PowerDNS/simpleblob

Update Marker functionality not working correctly

franklouwers opened this issue · 5 comments

When using (real) S3 buckets, the update-marker function doesn't work when using a Prefix (as is recommended for the LightningStream code).

I believe this might be because the Update Marker is checked here:

https://github.com/PowerDNS/simpleblob/blob/main/backends/s3/s3.go#128

which performs a Load() of the markerfile, which starts with prepending the globalPrefix here:

https://github.com/PowerDNS/simpleblob/blob/main/backends/s3/s3.go#L204

However, the Marker is stored without the Prefix.

The interesting this is that the fallback mechanism at https://github.com/PowerDNS/simpleblob/blob/main/backends/s3/s3.go#L138 also doesn't work: even after the UpdateMarkerForceListInterval is passed, no LIST call is performed. Could this be because the Load() function doesn't return an error when it can't find the file? Or that that error isn't properly handled?

wojas commented

Thanks for reporting! It does look like setMarker should indeed be adding the prefix.

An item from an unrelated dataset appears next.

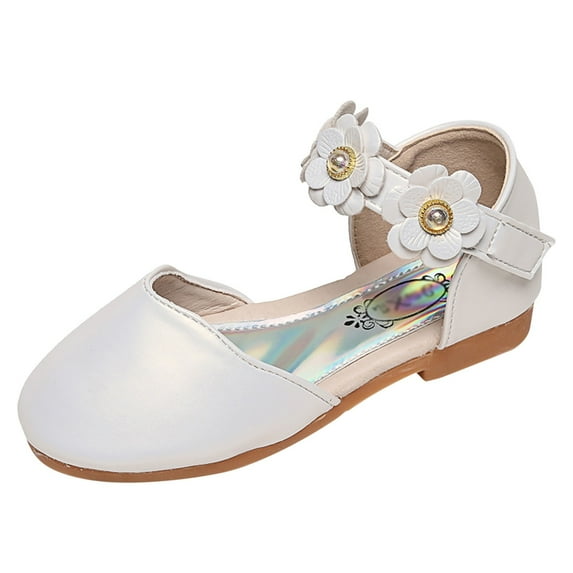 Gyujnb Girls Baby Shoes Pearl Flower Sandals Dancing Shoes Pearl Bling Shoes Single Kids Shoes,10-10.5 Years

The interesting this is that the fallback mechanism at https://github.com/PowerDNS/simpleblob/blob/main/backends/s3/s3.go#L138 also doesn't work: even after the UpdateMarkerForceListInterval is passed, no LIST call is performed. Could this be because the Load() function doesn't return an error when it can't find the file? Or that that error isn't properly handled?

We get a 'does not exist error' and then happily use the empty string as the marker, which means that the marker is the same as the last time we checked the marker. But I'm not sure what is going wrong with this interval check then.

@wojas re fall-back mech: I noticed that the behaviour without marker (https://github.com/PowerDNS/simpleblob/blob/main/backends/s3/s3.go#L125) is quite different from the behaviour with marker, but falling back: https://github.com/PowerDNS/simpleblob/blob/main/backends/s3/s3.go#L147

Seems like you strip the globalPrefix in the doList() function https://github.com/PowerDNS/simpleblob/blob/main/backends/s3/s3.go#L184-L188. So a regular List() with the marker flag disabled will return the blob list without the prefix.

Yet the fallback executes doList() without prefix (so no stripping), and then filters them here: https://github.com/PowerDNS/simpleblob/blob/main/backends/s3/s3.go#L158. However, the filenames would still include the prefix.

Also seems like the purpose of the marker, is to mark for multiple prefixes. So your suggestion to just add the prefix when storing the marker, might not be in line with that idea.

wojas commented

The global prefix is meant to allow the use of a 'subdirectory' of an S3 bucket to sync data. This can also conveniently be used to separate different Lightning Stream schemaversions. In this use case it makes sense to have each prefix have its own marker file. The user may not even have write permissions to the root of the bucket.

Yes, I think so as well (except for possible schema migrations later, but those would likely be best to do a "full sync" anyway). In that case, there's a lot of logic at the bottom of the List() function which can be simplified.